The experiments showed that the students of a fluent instructor misjudged their level of learning. For the fluent and disfluent speakers, the actual levels of learning were comparable. Further, the experiment revealed that fluency does not significantly impact learners’ study. Studying draws patterns from a learner’s habits than from the instructor’s fluency. However, an instructor’s behavior may have a marginal impact on studying patterns. The limitation of this study was the subjective nature of eloquence, which interferes with accurate determinations. Further studies should relate fluency findings with objective factors in learning.
The research on how fluency affects students revealed that instructors have a significant influence on learners. The follow-up research will examine other instructor-related factors that affect student perceptions and performance. The study will examine how an instructor’s dressing style affects students’ concentration. The independent variable will be dressing, while the dependent variable will be students’ level of attentiveness. The research question is, how does an instructor’s dressing influence students’ attention?

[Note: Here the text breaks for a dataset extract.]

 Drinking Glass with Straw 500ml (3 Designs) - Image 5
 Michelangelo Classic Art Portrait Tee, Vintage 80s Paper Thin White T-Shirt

The research would incorporate 40 undergraduate students. For the first experiment, 20 participants watch a 10-minute video clip of a lecturer dressed in formal clothing. After watching, the students would answer questions on what the speaker said at specific times during the video. In a second experiment, 20 participants would watch a 10-minute video of an instructor in casual clothes and afterward answer questions on what the speaker said at specific periods of the video. The responses would be on a scale of 0-5. The independent variable would be the dressing, while the dependent variable would be the student’s level of attentiveness and performance.
The student who watched the formally dressed lecturer would record higher results in the evaluation questions than the students who viewed the casual instructor video. Figure 1 below illustrates the results.
The students of the formally dressed instructor recorded high performance than those of the casually dressed speaker. Formal dressing presents an atmosphere of seriousness and focus compared to casual dressing that encourages relaxation and less focus. Therefore, whenever a lecturer wears formal clothing, they are likely to discourage care-free attitudes among students and instead build a professional and focused approach necessary for success. While students may be able to overlook the differences in dressing after a short period, the initial impressions linger in the mind of students and play a crucial role in the overall performance.
The study proved that instructor fluency causes students to overestimate their learning in comparison to the actual amount of information gathered. The follow-up experiment also reveals that the instructor’s dressing influences the performance of students. The type of dressing sets the tone for learning because the dressing is an expression of a person’s inner disposition. If an instructor dresses formally, he or she unconsciously reveals they are composed and focused as compared to a casual dressing that presents a relaxed, carefree attitude. Research in psychology seeks to explain behavior patterns by examining various triggers in different aspects of life and the environment.
Carpenter, S., & Olson, K. (2012). Are pictures good for learning new vocabulary in a foreign language? Only if you think they are not. Experimental Psychology Journal, 38(1), 92-101.
Carpenter, S., Wilford, M., Kornell, N., & Mullaney, K. (2013). Appearances can be deceiving: Instructor fluency increases perceptions of learning without increasing actual learning. Psychonomic Bulletin, 20(6), 1350-1356.